EXERCISE INSTRUCTIONS => Copy out exactly the stretch below, from the line with "Miếng Lót Tròn" through the line with "Pinky Ramadan mubark-kaart", both included; the pictures stay out.

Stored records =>
- - - - - - -
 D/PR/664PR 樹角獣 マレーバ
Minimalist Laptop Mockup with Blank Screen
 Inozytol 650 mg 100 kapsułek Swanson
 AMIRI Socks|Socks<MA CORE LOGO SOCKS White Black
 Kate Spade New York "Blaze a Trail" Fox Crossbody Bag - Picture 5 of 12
- - - - - - -
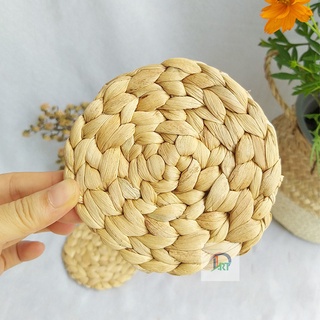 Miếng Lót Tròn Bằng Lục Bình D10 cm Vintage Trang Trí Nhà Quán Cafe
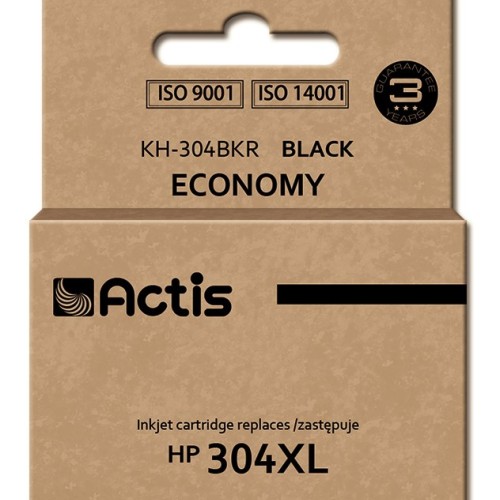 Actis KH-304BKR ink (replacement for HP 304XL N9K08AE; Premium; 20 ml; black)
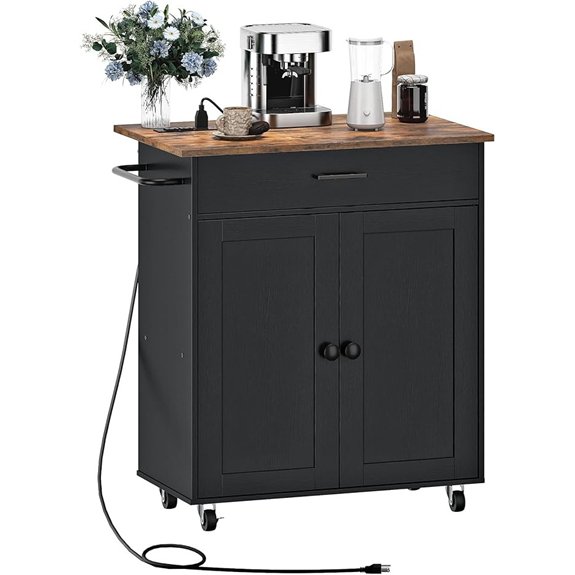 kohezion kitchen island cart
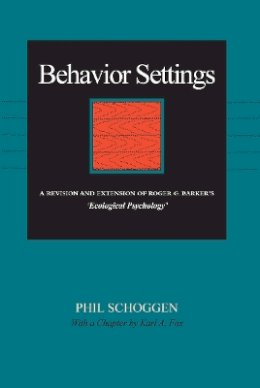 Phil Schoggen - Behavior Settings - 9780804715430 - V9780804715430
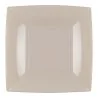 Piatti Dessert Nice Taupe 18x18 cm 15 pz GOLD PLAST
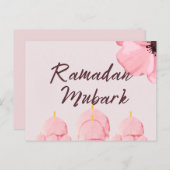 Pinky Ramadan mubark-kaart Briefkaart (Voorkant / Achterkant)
- - - - - - -
RESULT BELOW =>
 Miếng Lót Tròn Bằng Lục Bình D10 cm Vintage Trang Trí Nhà Quán Cafe
 Actis KH-304BKR ink (replacement for HP 304XL N9K08AE; Premium; 20 ml; black)
 kohezion kitchen island cart
 Phil Schoggen - Behavior Settings - 9780804715430 - V9780804715430
 Piatti Dessert Nice Taupe 18x18 cm 15 pz GOLD PLAST
 Pinky Ramadan mubark-kaart Briefkaart (Voorkant / Achterkant)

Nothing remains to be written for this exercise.